Es ist eine harte Landung, als im September 2018 ein Frachtflugzeug auf dem staubigen Airstrip des Serengeti-Nationalparks aufkommt. Es hat nur eine Kiste geladen, darin ist eine kostbare Fracht: ein Nashornbulle namens Eric. Hinter ihm liegt eine vier Tage lange Reise quer über den Globus. Sein Auftrag: Nachwuchs zu zeugen, um das Überleben seiner Unterart zu retten. ZEIT ONLINE zeigt die Reise des Nashorns Eric in diesem Kurzfilm, produziert und finanziert von der Biodiversity Foundation, die sich für den Artenschutz einsetzt.

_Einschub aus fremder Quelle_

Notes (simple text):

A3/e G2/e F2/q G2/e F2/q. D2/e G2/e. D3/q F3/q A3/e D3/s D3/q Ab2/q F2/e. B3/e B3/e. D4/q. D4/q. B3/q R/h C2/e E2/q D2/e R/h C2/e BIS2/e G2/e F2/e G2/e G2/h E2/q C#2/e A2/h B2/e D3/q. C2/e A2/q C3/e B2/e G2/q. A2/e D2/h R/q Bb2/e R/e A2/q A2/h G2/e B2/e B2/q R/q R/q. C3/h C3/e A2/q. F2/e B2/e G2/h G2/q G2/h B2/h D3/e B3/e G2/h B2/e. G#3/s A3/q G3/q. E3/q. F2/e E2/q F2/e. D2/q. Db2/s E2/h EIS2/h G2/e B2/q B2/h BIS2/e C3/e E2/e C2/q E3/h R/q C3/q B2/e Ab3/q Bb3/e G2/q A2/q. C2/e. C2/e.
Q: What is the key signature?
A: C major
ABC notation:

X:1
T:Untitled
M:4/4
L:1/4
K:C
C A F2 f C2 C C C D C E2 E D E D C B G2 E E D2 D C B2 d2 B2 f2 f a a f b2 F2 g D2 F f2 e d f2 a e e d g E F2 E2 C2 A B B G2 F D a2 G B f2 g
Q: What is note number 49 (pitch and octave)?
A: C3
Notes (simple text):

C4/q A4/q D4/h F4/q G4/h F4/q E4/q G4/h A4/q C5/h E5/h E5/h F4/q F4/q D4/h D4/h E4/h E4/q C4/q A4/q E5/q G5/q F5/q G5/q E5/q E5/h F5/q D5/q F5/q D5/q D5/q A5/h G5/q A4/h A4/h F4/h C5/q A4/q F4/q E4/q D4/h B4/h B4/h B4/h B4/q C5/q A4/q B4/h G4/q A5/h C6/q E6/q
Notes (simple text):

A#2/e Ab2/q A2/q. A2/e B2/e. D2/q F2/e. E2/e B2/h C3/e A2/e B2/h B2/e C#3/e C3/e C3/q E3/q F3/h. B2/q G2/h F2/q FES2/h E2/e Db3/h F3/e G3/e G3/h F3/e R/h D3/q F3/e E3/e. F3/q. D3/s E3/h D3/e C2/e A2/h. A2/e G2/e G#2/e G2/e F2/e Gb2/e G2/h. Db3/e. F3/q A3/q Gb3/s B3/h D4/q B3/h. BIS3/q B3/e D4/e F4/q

Diese Geschichte handelt von Eric, acht Jahre alt, 1.160 Kilo schwer, männlich, Nashorn. Genauer: ein Östliches oder Ostafrikanisches Spitzmaulnashorn. Geburtsort: der Safaripark des Zoos von San Diego, USA. Beziehungsstatus: Single. Familie: stark vom Aussterben bedroht.
Dass Eric am Leben ist, verdankt er seiner lebenslangen Gefangenschaft. Die meisten seiner Artgenossen, die einst in Freiheit durch Afrikas Savannen-, Busch- und Graslandschaften streiften, fielen Großwildjägern und Wilderern zum Opfer. Denn ihre Hörner lassen sich in Asien teils teurer als Kokain verkaufen.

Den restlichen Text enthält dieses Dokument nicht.